En el cielo el sol había iniciado ya su curva descendente, por lo que el padre Miguel calculó que Don Pedro había pasado casi 72 hs inconsciente. Era un verdadero milagro que estuviera regresando a la vida. Nadie podía decir a ciencia cierta que le había pasado. En su cuerpo no había rastros de golpes ni lastimaduras, ni se sabía que hubiese hecho algún exceso o consumido algo que le hubiera podido meter en ese transe, por lo que entre la gente del pueblo se hablaba, sin mucha duda, de un embrujo.
Se sabía que Don Pedro había estado frecuentando las tolderías de los comechingones en busca de un indio que decía haberse cruzado con un grupo de guerreros de una tribu, que él no conocía, que iban vestidos de forma muy extraña y que hablaban una lengua similar a la de los cristianos, aunque con palabras tan extrañas que no los había podido entender.
- Seguro que son súbditos de la Ciudad de los Cesares –
Había dicho don Pedro a unos amigos, pero ya nadie creía seriamente en esa leyenda, por lo que el comentario no despertó mayor interés. Ya todos sabían que muchas veces los indios se aprovechaban de la codicia de algunos españoles para, tentándolos con este tipo de cuentos, hacerlos partir lejos de sus tierras.
Sin embargo era posible que la idea haya quedado dando vueltas en la mente de don Pedro, hijo segundón de una importante familia extremeña que, empobrecido por las leyes de mayorazgo, había decidido, como tantos otros, pasar a las Américas en busca de fortuna, luego de una accidentada estadía en el norte de África.

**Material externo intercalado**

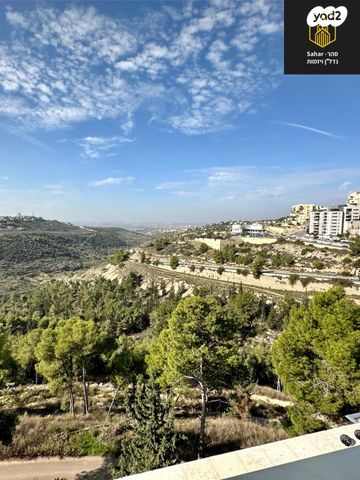 גג/ פנטהאוז, אלפי מנשה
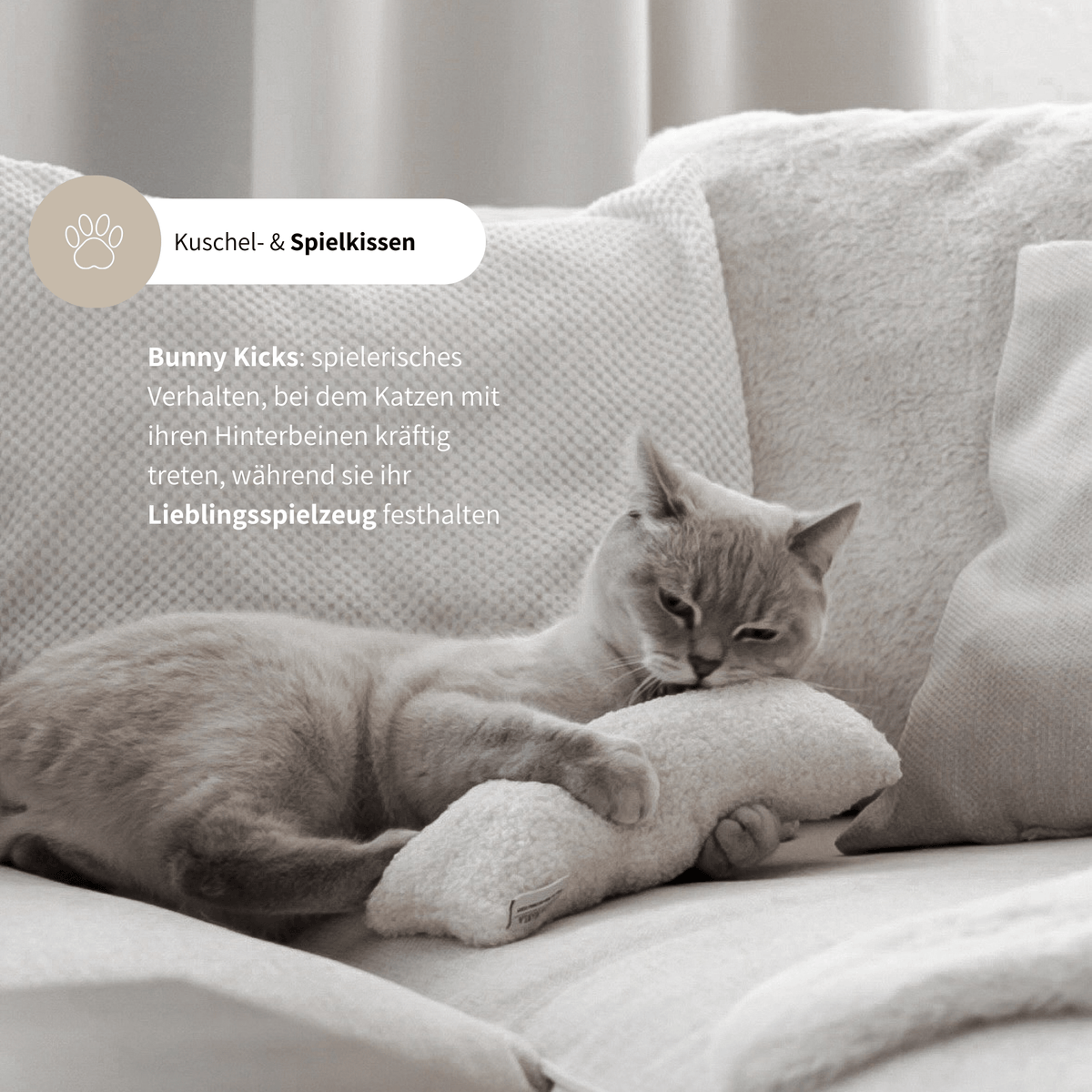 Spielkissen für Katzen schönes Katzenspielzeug mit Katzenminze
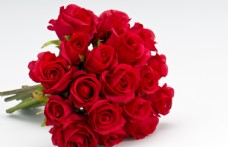 玫红色玫瑰红色玫瑰花束高清拍摄素材图片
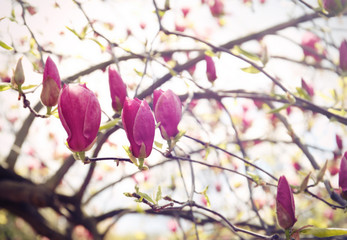 Branches with beautiful magnolia tree buds on blurred background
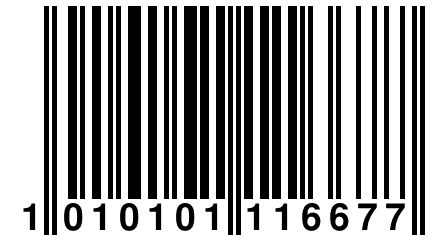 1 010101 116677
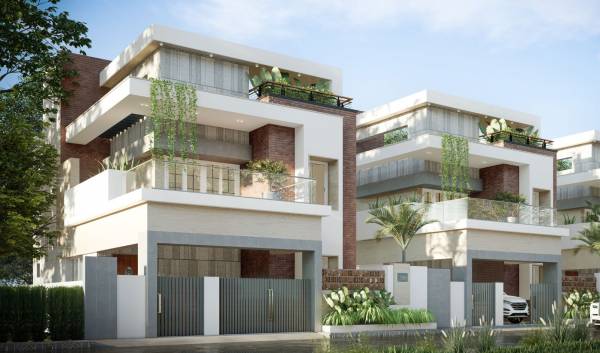 Elevation sree-dakshas-nefeli Elevation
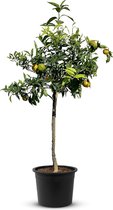 Tropictrees - Mandarijnboom - Citrus Reticulata - Mandarijn - Eetbaar - Citrusboom - Hoogte ca. 150cm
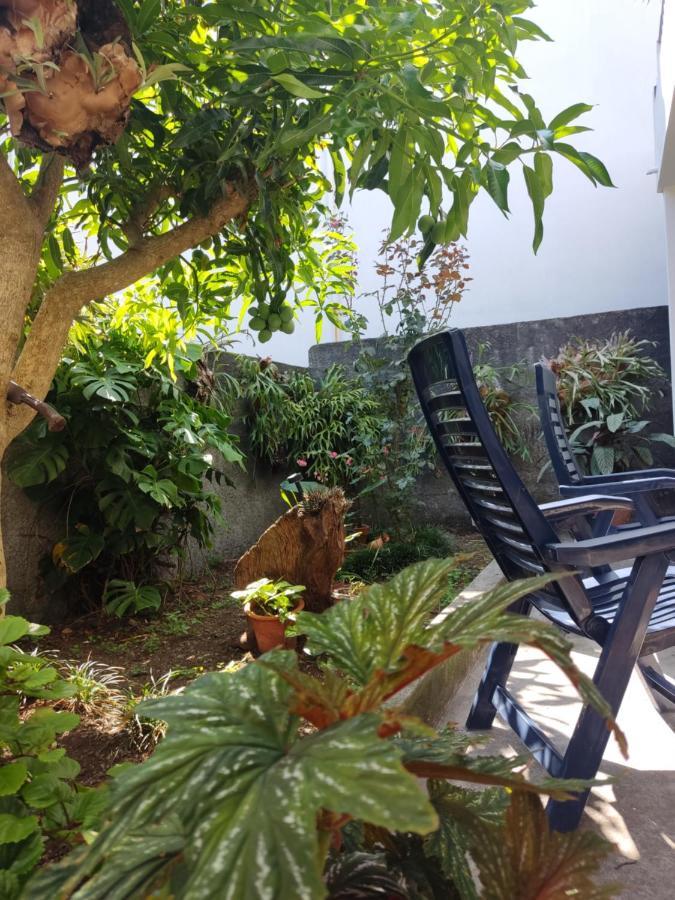 Casa Da Avo Rosa São Vicente Exterior foto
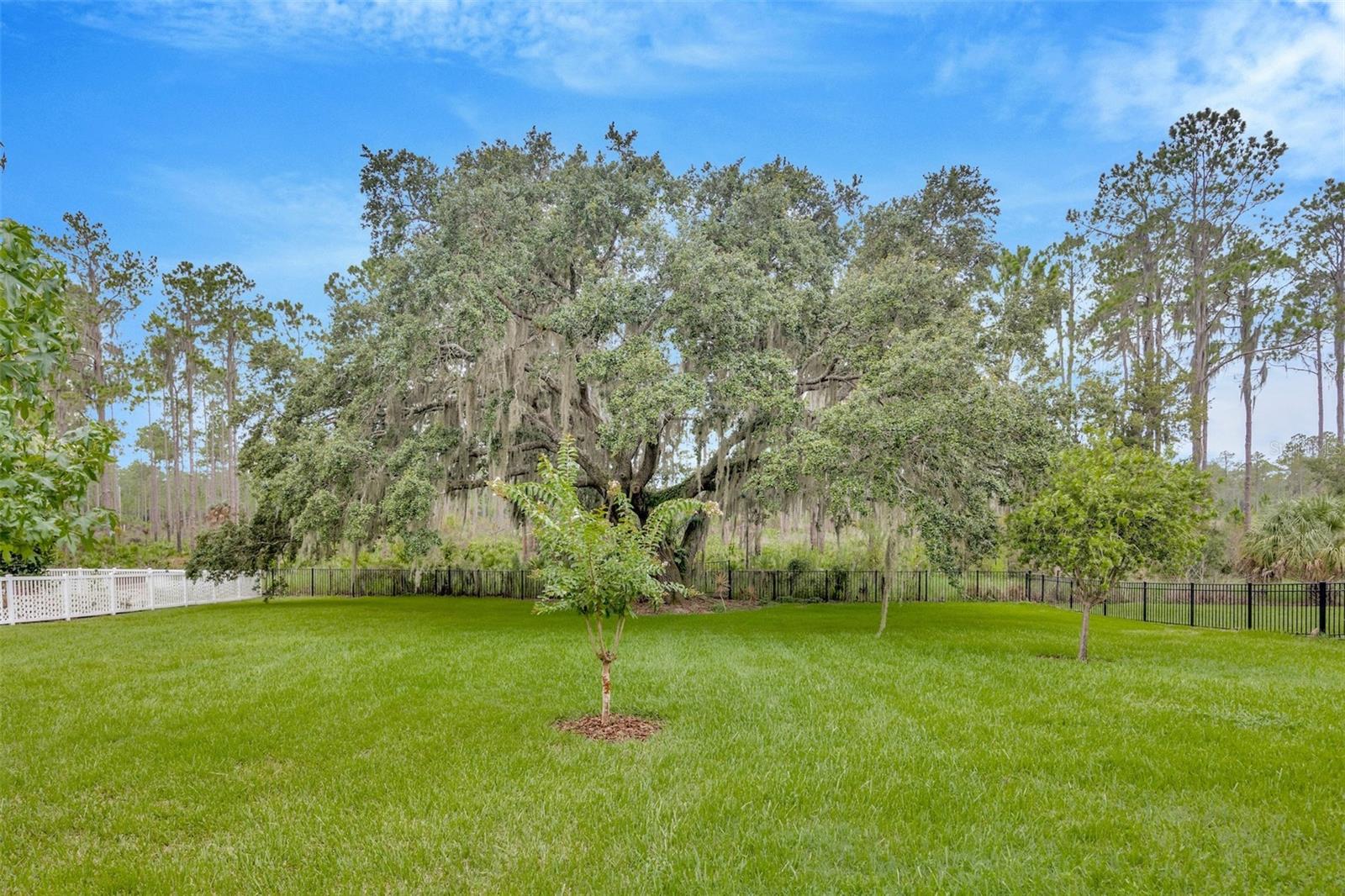 10542 CORY LAKE DR, TAMPA, FL, 33647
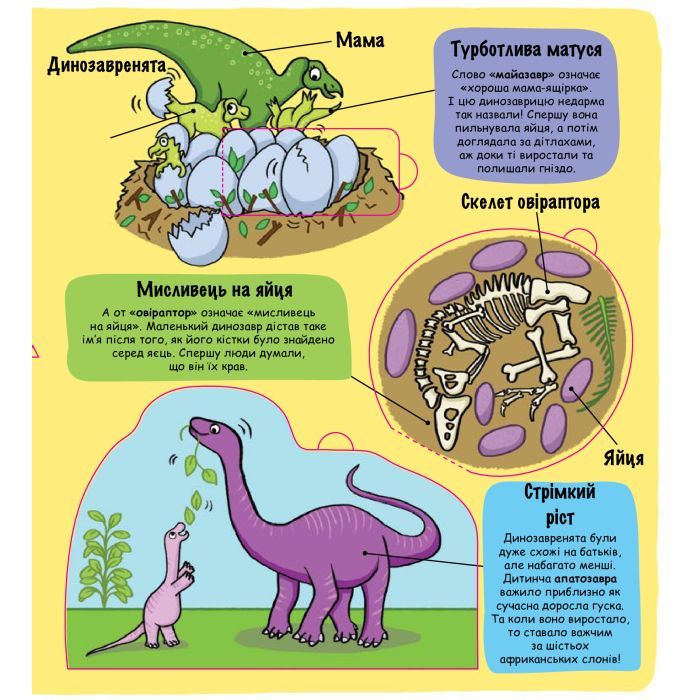 Книга Маленькі дослідники. Динозаври #книголав (9786177563203) зображення 4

Así pues la mañana que desapareció, aproximadamente 2 meses atrás, todo el mundo supuso que había partido a lomos de su caballo, el “pescuezo” famoso animal que le pertenecía, hacia las sierras con el propósito de encontrar la fortuna de una ciudad que ya había hecho desparecer a miles de valientes en la inmensidad de estas tierras del fin del mundo.
No se volvió a tener noticias de él hasta hacia ya tres días, en que reapareció, inconsciente, abrazado al cuello de su caballo.